Le seul document à notre disposition relatif à ce changement est un arrêté préfectoral ( émanant curieusement du « Bureau Militaire » ), en date du 24 Novembre 1891, autorisant la constitution régulière de la société musicale « La Jeune France ».

C’est la première fois que cette dénomination apparaît dans les archives municipales : contrairement à ce qui a longtemps été affirmé dans les historiques successifs de l’Harmonie, « La Jeune France » n’a pas été le premier nom de la société musicale harnésienne, le document pré-cité en fournit la preuve indiscutable

 « La Jeune France » devient « Fanfare Municipale »

         Même si la fanfare « La Jeune France » n’est pas reconnue municipale, elle reçoit des élus une subvention convenable et parfois même, comme à l’occasion du Festival de Musique du 23 Juin 1895, un soutien moral et administratif : la fameuse « affaire des droits d’auteurs » en témoigne.

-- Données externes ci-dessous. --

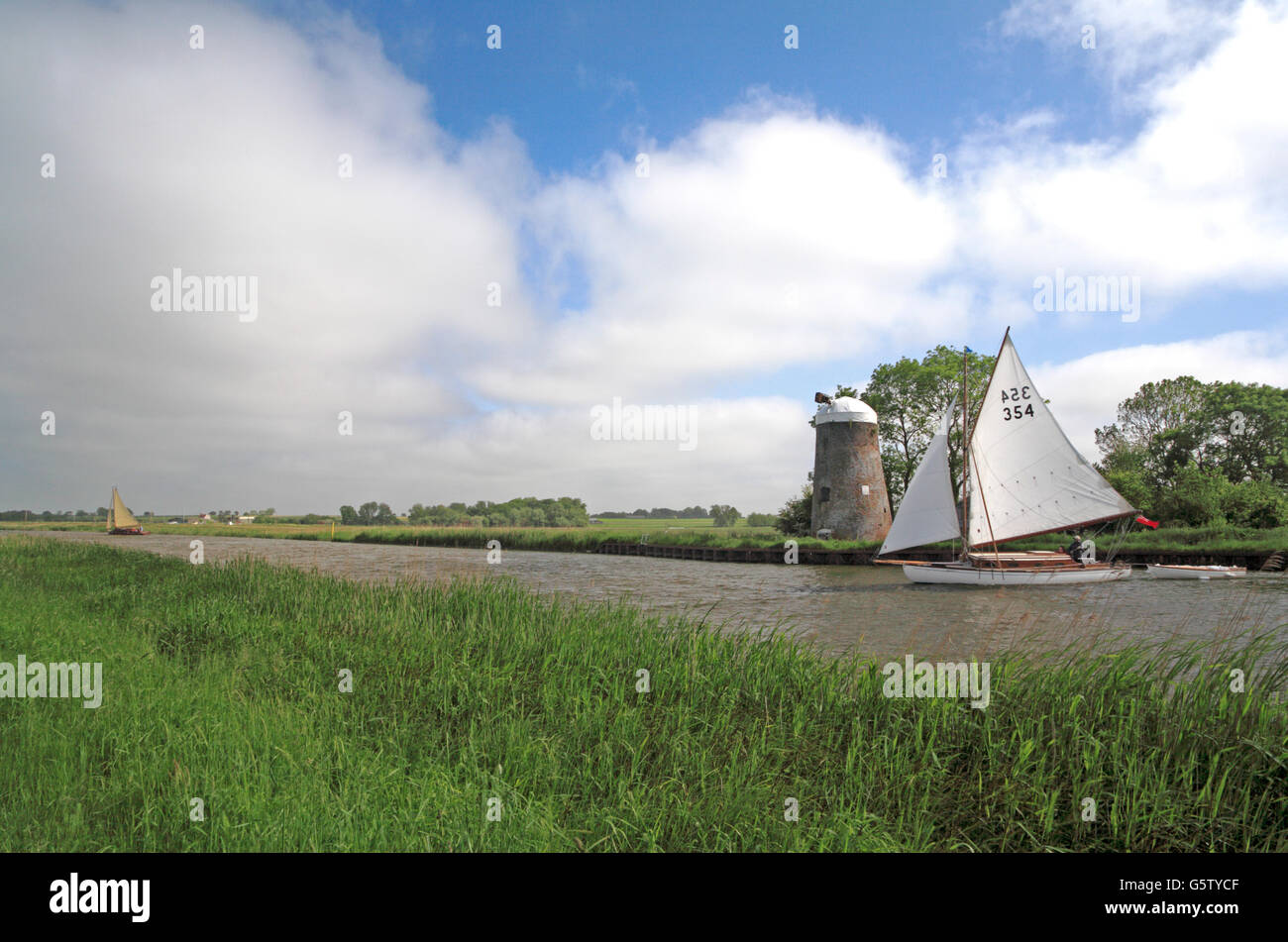 Eine Yacht Heften auf dem Fluss Bure von Oby Mühle in der Nähe von Upton, Norfolk, England, Vereinigtes Königreich. Stockfoto
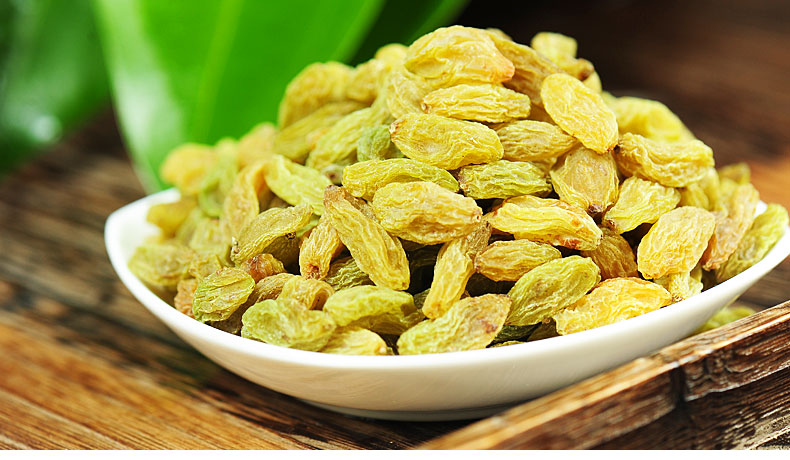 葡萄干怎样洗才干净又好吃,葡萄干用清水洗了再烤干行吗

Voici les faits : « La Jeune France » avait organisé le 23 Juin 1895 un Festival de Musique dans la ville ; ayant pris contact au préalable avec le représentant régional de la Société des Auteurs-Compositeurs de Musique ( l’ancêtre de l’actuelle SACEM ), le Président de la Fanfare (André DEPREZ, à l’époque Sénateur ) avait acquitté une somme forfaitaire de Droits d’Auteurs correspondant aux maigres ressources de la Société. Cette somme ayant été jugée insuffisante, il fut fait interdiction au Festival de se tenir : la Municipalité d’alors, saisie par le Président de la Fanfare, lui apporta son total soutien et le Festival put avoir lieu sans poursuites pour la Fanfare.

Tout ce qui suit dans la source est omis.